One can imagine the traditional approach to adapting Il Gattapardo: add lots of battles and steamy love scenes, eliminate much of the novel's debates between characters, and end with the lovers in each others arms looking to a bright future in a unified Italy so that it ends happily. Instead, at a length of 187 minutes in its most available version, Visconti's The Leopard explores its story at a pace similarl to the novel. Fabrizio Corbero, Prince of Salini in Sicily, decides to neither fight nor resist the Risorgimento. He votes for it and argues against those who oppose it. He insists, "Things will have to change in order that they will remain the same" and "This isn't the end of anything, it is the beginning of everything." He is offered a chance to join the new Senate and declines, saying "I belong to an unlucky generation, astride between two worlds and ill-at-ease in both. And what is more I am completely without illusions. Now, what would the Senate do with me, an inexperienced legislator who lacks the faculty for self-deception, an essential requisite for wanting to guide others. No, I cannot lift a finger in politics. It would be bitten off." But the prince's nephew Tancredi rides with the tide and marries, not a fellow aristocrat, but Angelica, the daughter of newly-wealthy former peasant. The film ends with a 40-minute ball in which Tancredi introduces Angelica as his bride. After the ball, Prince Salini walks home alone.

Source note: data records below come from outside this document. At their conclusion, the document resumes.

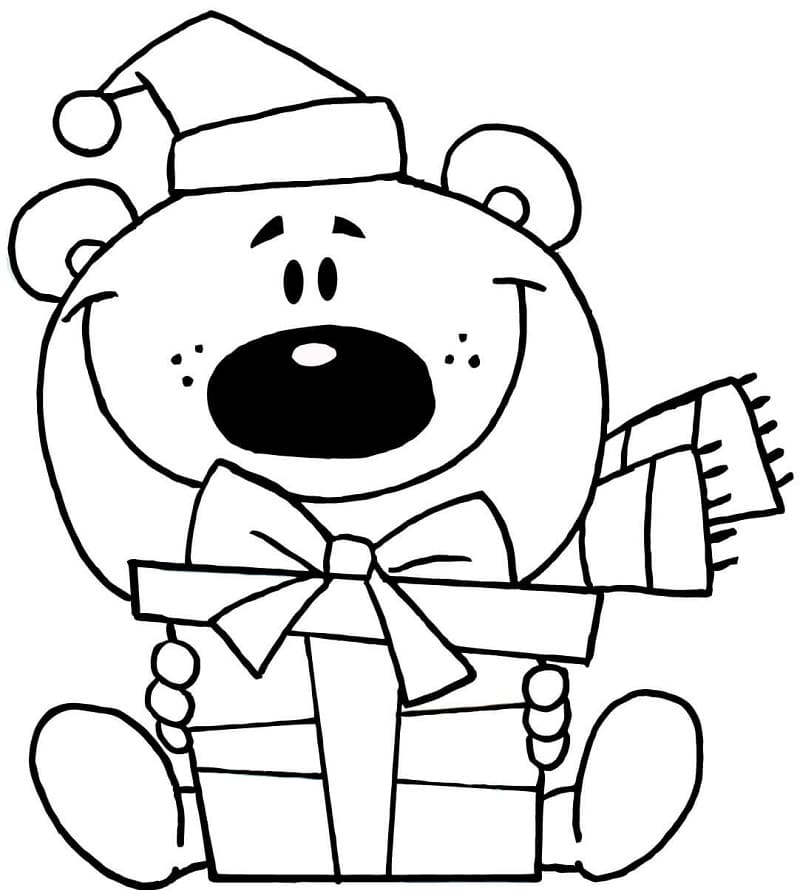 Teddy Bear and Present Coloring Game Teddy Bear and Present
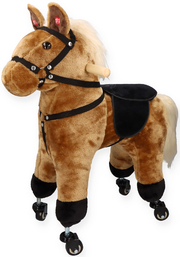 Brown horse on wheels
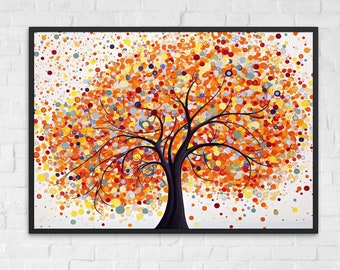 Colorful Rainbow Tree of Life Poster. Unframed Wall Art Picture Print - Nature Landscape Woodland Floral Boho Wall Decor. Matte/Semi-Gloss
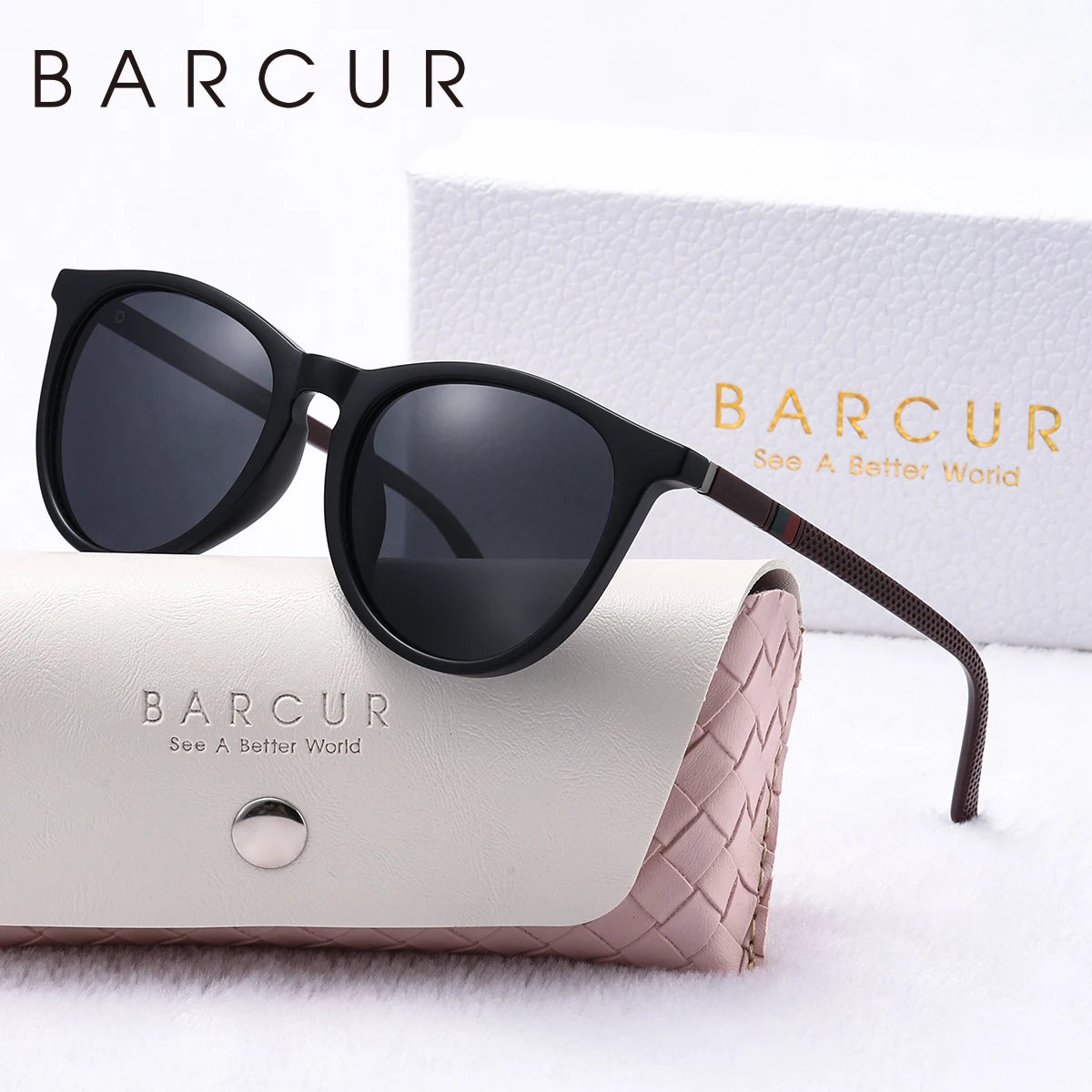 Women's Round Polarized Sunglasses by BARCUR, Lightweight PC Frame with Retro-Inspired Style and Eight Color Options for Travel and Everyday Outings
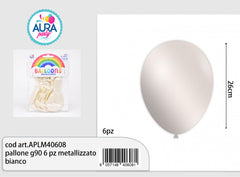 pallone g90 6 pz metallizzato bianco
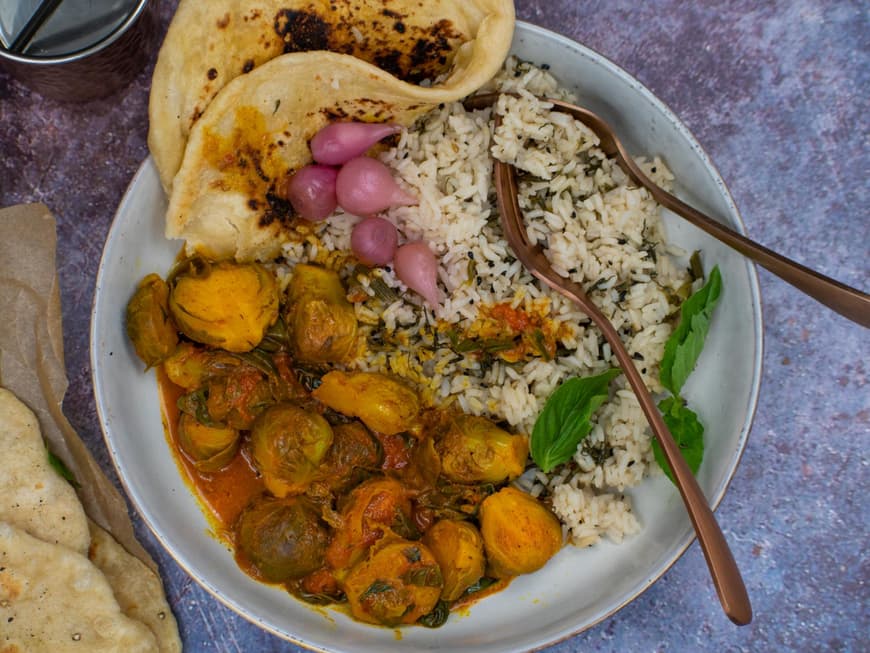 Rosenkohl Curry
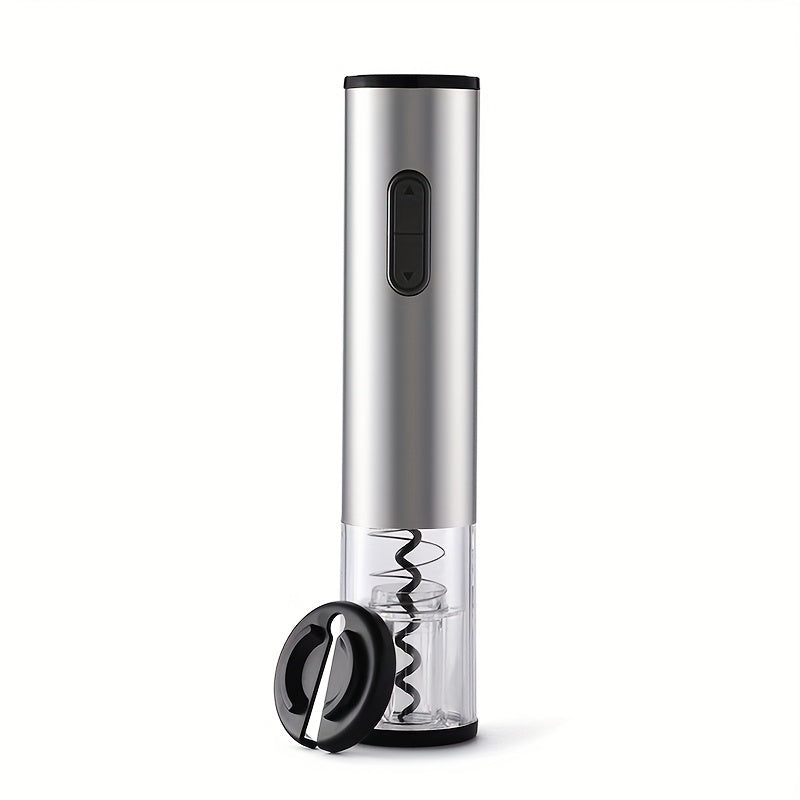 Stainless Steel Electric Wine Opener with Spiral Drill and Batteries 22cm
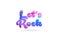 letâ€™s rock pink blue color word text logo icon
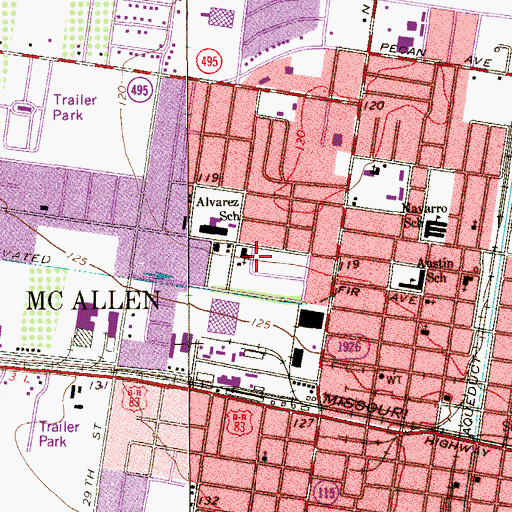 Topographic Map of Casa Bonita Colonia, TX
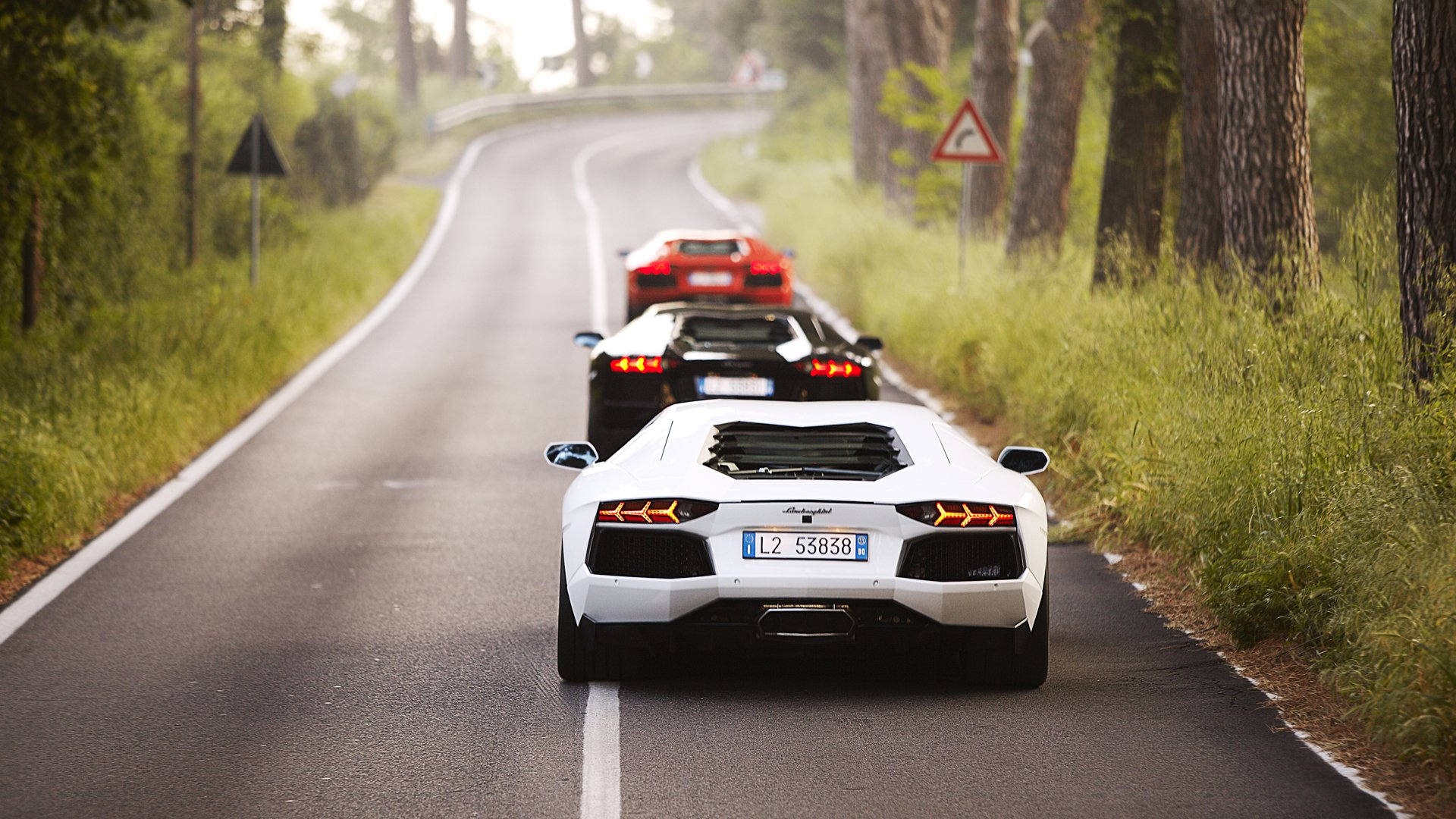 lamborghini aventador lp700-4 mix three white black red road tree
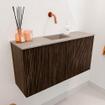 Mondiaz JOYA-DLUX 80cm toiletmeubel - kleur Walnut - Wastafel FAYE positie Midden Zonder kraangat kleur Saba. SW1424642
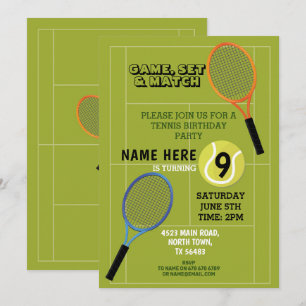 Tennis Birthday Party Sports Ball Rackets Court Kaart
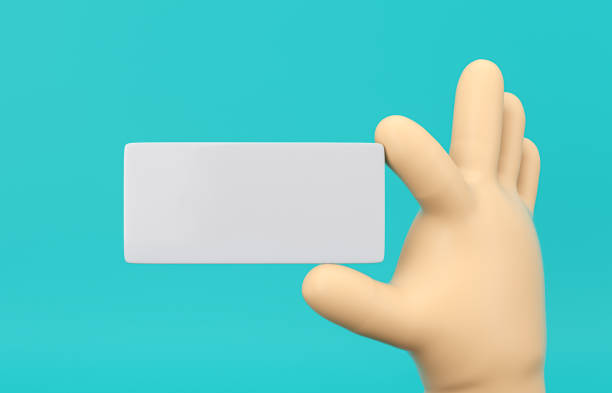 istock 3d Cartoon hand holding blank coupon mockup on isolated background. 1294837876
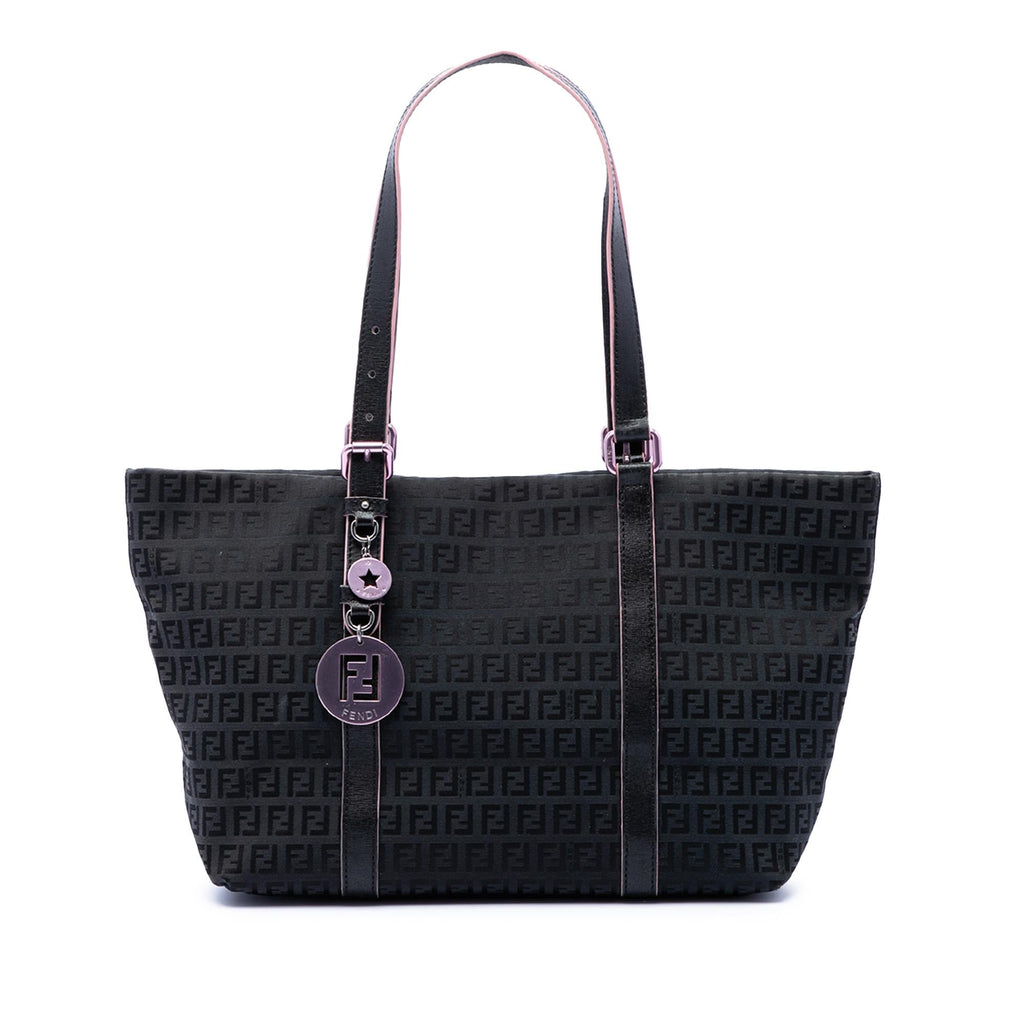 Fendi Zucchino Canvas Superstar Tote Bag - Black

It's a true adaptation of the novel. It is also a magnificent film. The ball that ends the movie proceeds in painstaking detail, with gorgeous gowns, lavishly photographed displays of food, and lush music by Nino Rota (assisted by an unpublished waltz by Giuseppe Verdi). And all the while, Prince Salini struggles through the evening, feeling, as he says, "ill-at-ease" in both worlds. He says he has a headache. He washes his faces, looks deeply into his reflection, and cries. He walks into another room and stares at a 1778 painting by the French artist Jean-Baptiste Greuze that's in a style and subject that he is unused to. The title, appropriately, is "The Father's Curse, and the Son's Punishment," for the Risorgimento will bring not only unification but, in 60 years, the dictator Benito Mussolini and world war. He returns to the ball and sits with people from what will soon be called the middle class and with whom he has nothing in common. When he walks home, he passes a priest and altar boy on their way to early morning mass, kneels out of respect, and, while kneeling, prays, saying, "O faithful star, when will you give me an appointment less ephemeral, far from all this, in your own region of perennial certitude." He rises and walks into the shadows as the film ends.
The Leopard was not a big success in the U.S., coming out in the same year as such epics as Cleopatra and How the West Was Won. But it won the Palme d'Or at the Cannes Film Festival, Italy's David di Donatello for best production, and the best foreign film award from the National Board of Review. It is the director Martin Scorsese's favorite film. And it is included in Steven Schneider's book 1001 Films You Must See Before You Die.
As I wrote earlier, it is not for everybody's taste. I remember an outing with my family to see Stanley Kubrick's 1975 film version of William Makepeace Thackeray's Barry Lyndon, to which The Leopard is similar as an adaptation and in style and pace. My late brother Jim walked out and called it "Borrey Lyndon." I can imagine Jim would have a similar view of The Leopard, calling it "Lousy Leopard" or "Longey Leopard" or something.
I am not even sure The Leopard can be a favorite film of mine, one that I can dip into again and again. Time will tell. But I think it is a great one and an example of how to credibly adapt a well-known and respected book.